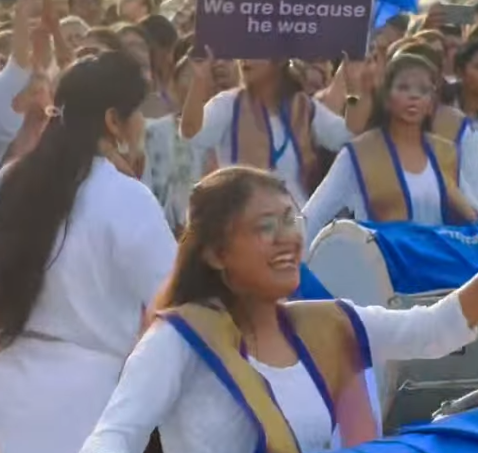 Ambedkar Jayanti 2026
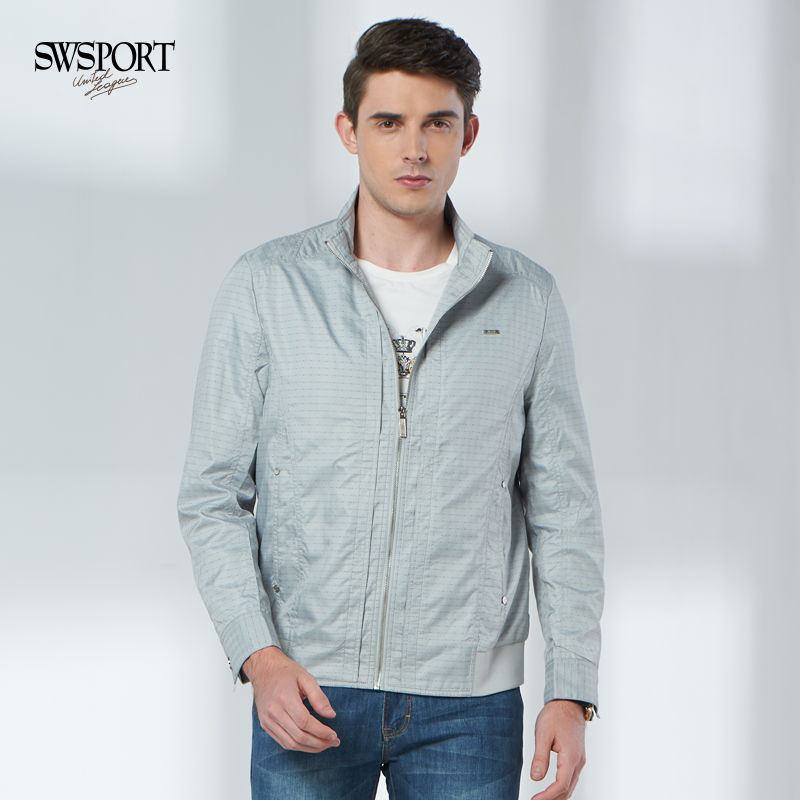 http://img.alicdn.com/bao/uploaded/i4/3853225571/TB2hZPZXbvpK1RjSZPiXXbmwXXa_!!3853225571-0-item_pic.jpg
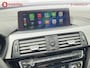 BMW 4-Serie Gran Coupe 420i High Executive M-Sport Apple CarPlay NL Auto! | Achteruitrijcamera | Hifi | DAB | Leer | Stoelverwarming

## WORK TO BE COMPLETED:
Could you copy the listing exactly, leaving out any pictures?

## EXERCISE OUTPUT:
 Ambedkar Jayanti 2026
 http://img.alicdn.com/bao/uploaded/i4/3853225571/TB2hZPZXbvpK1RjSZPiXXbmwXXa_!!3853225571-0-item_pic.jpg
 BMW 4-Serie Gran Coupe 420i High Executive M-Sport Apple CarPlay NL Auto! | Achteruitrijcamera | Hifi | DAB | Leer | Stoelverwarming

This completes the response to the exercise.